Information current as of 2018
In Tennessee, land use planning is delegated to municipalities and counties. Although Tennessee law does not require local governments to create a comprehensive land use plan, the Tennessee State Local Planning Assistance Office encourages and provides technical support to local governments to adopt and maintain comprehensive land use plans. Tennessee Planning Commissioner Handbook, p. 3. The legislative body of a municipality or county has the authority to prepare, adopt and amend zoning ordinances to regulate the “location, height” and size of “buildings and other structures.” Tenn. Code Ann. §13-7-101(a)(1); Tenn. Code Ann. §13-7-201(a)(1).



Land Use Planning Process

1-TN-a.1 to 1-TN-a.2 – Is there a Comprehensive Land Use Plan in Place?

The developer should contact the local government to determine if there is a comprehensive land use plan in place for the site location. Although Tennessee law does not require local governments to create a comprehensive land use plan, the Tennessee State Local Planning Assistance Office encourages and provides technical support to local governments to adopt and maintain comprehensive land use plans. Tennessee Planning Commissioner Handbook, p. 3

Municipal and county comprehensive land use plans provide context for determining if the proposed development activity is compatible with the community’s overall plans for development. Tennessee Planning Commissioner Handbook, p. 3. If there is a comprehensive land use plan in place, the developer should review the plans and any accompanying maps, studies, or other information in order to determine the goals and planning strategies of the local government and to ensure the proposed project is in compliance with the plan. If there is no comprehensive growth plan in place the developer should still review any applicable local government regulations that could restrict the proposed project.

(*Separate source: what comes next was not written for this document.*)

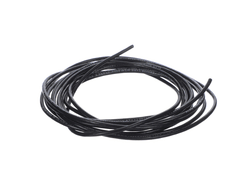 SOUTHBEND 1161512 HOUSEWARES & COOKING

1-TN-a.3 to 1-TN-a.5 – Does the Municipality or County Have Zoning Regulations?

Tennessee law empowers but does not require local governments to develop zoning regulations to promote the “health, safety…and general welfare” of the public. Tenn. Code Ann. §13-7-101(a)(1), 103; Tenn. Code Ann. §13-7-201(a)(1). The developer should first determine whether the municipality or county has zoning regulations. If the municipality or county does not have zoning regulations, then the developer may proceed with the project. If the municipality or county has zoning regulations, then the developers should review the zoning regulations to ensure the proposed project will comply with the zoning regulations.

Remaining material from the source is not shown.